COLUMBIA, MARYLAND - Fundamental research marches forward every day in every field. Applications of the results from such pure research requires additional time and effort - to implement, validate, deploy, and monitor its use in the real world. Clinical trials acquire a whole new dimension when testing artificial intelligence (AI) algorithms versus testing drug treatments on cohorts of test subjects. In many cases, the results of basic research coming out today are the precursors to the great advances in medical, clinical, and healthcare applications of AI that will emerge in coming years.

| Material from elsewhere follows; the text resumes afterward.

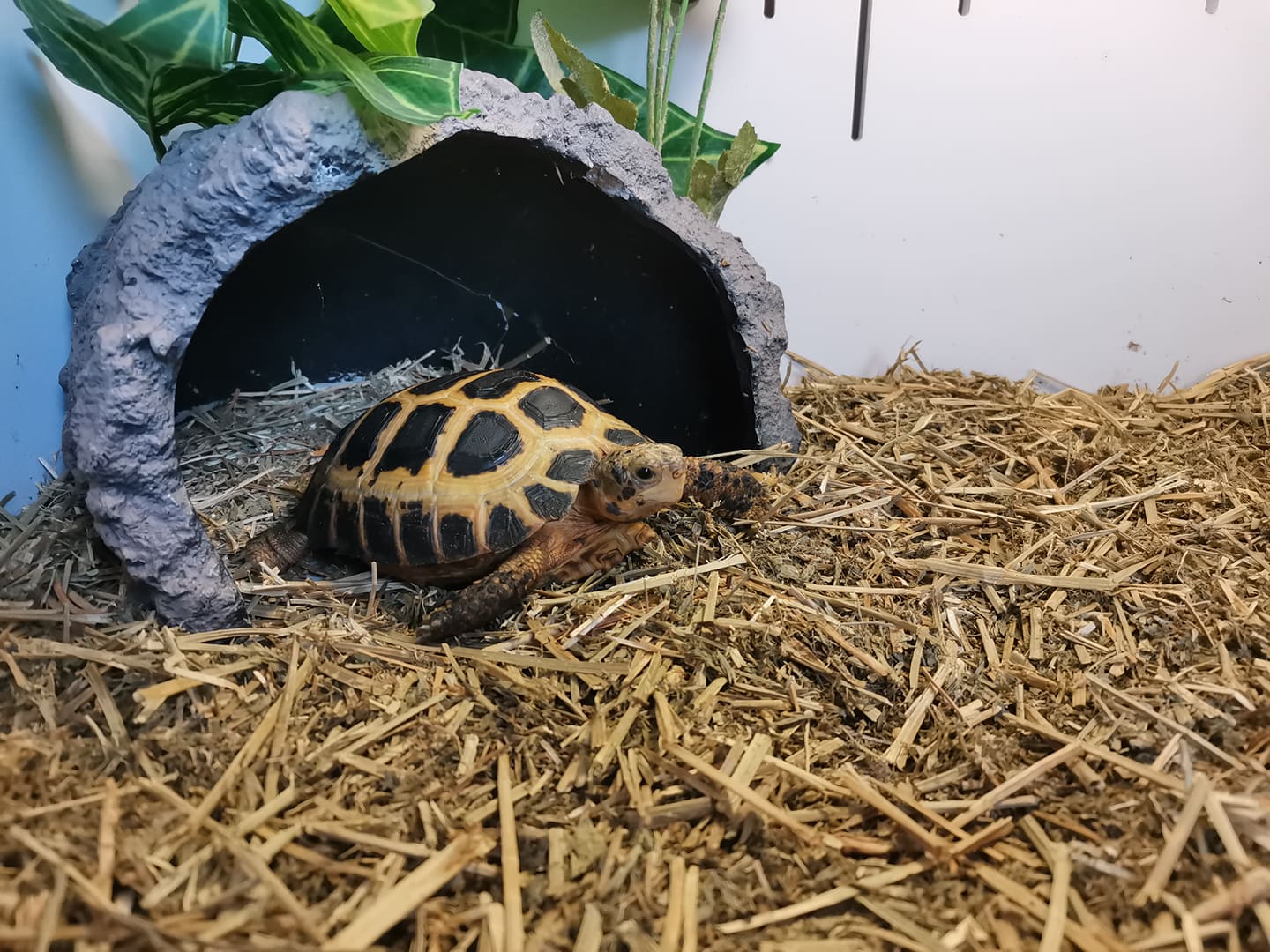 Cỏ Alfalfa dùng để làm thức ăn và lót nền cho rùa, bò sát, nhím, chuột hamster...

Predicting Emerging Infectious Diseases
Most infectious diseases afflicting humans originate in other animals. These ‘zoonotic jumping viruses’ are the subject of new predictive modeling research using AI and machine learning (ML). The likelihood of a virus jumping species can now be estimated using inferences from its genome sequence with the aid of AI that can sift through millions of potential zoonotic candidates to find the ‘one in a million’ likely to do so. The key to this advancement is: millions of high-risk viruses exist, but the genomic sequencing throughput of labs cannot keep up. AI and ML algorithms are trained on closely-related viruses whose more complete genomic sequences include characteristics of the limited genomic sequence information for individual candidates in the massive sample of potential zoonotic viruses. With that accelerated ‘triage’ of candidate viruses, highlighted by AI, laboratory sequencing can be initiated on the most worrisome cases.
AI models are now only taking preliminary steps in this area of predictive research. Nevertheless, these early findings are promisingly good, pointing favorably to AI’s potential to provide early alerts of emerging infectious diseases.